◆ WHAT YOU HAVE TO DO ◆
Gather, from the listing beneath this task, every line holding the string "photo".

◆ DATA SHOWN ◆

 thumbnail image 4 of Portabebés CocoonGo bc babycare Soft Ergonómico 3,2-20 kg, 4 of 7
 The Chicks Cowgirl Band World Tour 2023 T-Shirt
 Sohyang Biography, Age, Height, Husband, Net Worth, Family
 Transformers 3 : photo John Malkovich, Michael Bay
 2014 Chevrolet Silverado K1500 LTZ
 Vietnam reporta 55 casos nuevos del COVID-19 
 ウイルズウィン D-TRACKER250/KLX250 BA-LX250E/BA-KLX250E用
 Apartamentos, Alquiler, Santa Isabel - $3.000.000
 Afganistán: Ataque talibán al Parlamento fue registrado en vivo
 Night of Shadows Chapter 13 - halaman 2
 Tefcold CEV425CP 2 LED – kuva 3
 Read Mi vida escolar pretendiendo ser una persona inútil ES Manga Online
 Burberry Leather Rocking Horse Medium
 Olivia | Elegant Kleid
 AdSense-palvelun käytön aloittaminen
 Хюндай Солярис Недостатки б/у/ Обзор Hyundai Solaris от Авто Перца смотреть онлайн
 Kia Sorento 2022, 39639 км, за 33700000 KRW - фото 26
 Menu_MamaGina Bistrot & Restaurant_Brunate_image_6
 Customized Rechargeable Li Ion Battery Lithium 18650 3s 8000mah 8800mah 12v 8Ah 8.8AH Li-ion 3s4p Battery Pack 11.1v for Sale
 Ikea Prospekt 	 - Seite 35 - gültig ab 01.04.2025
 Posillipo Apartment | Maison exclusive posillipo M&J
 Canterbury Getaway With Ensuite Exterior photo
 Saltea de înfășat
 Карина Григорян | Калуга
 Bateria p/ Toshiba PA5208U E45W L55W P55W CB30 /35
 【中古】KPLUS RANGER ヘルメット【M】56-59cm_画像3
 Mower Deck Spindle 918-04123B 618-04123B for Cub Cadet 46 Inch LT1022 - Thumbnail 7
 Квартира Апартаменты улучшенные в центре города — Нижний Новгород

◆ EXERCISE RESPONSE ◆
 Transformers 3 : photo John Malkovich, Michael Bay
 Canterbury Getaway With Ensuite Exterior photo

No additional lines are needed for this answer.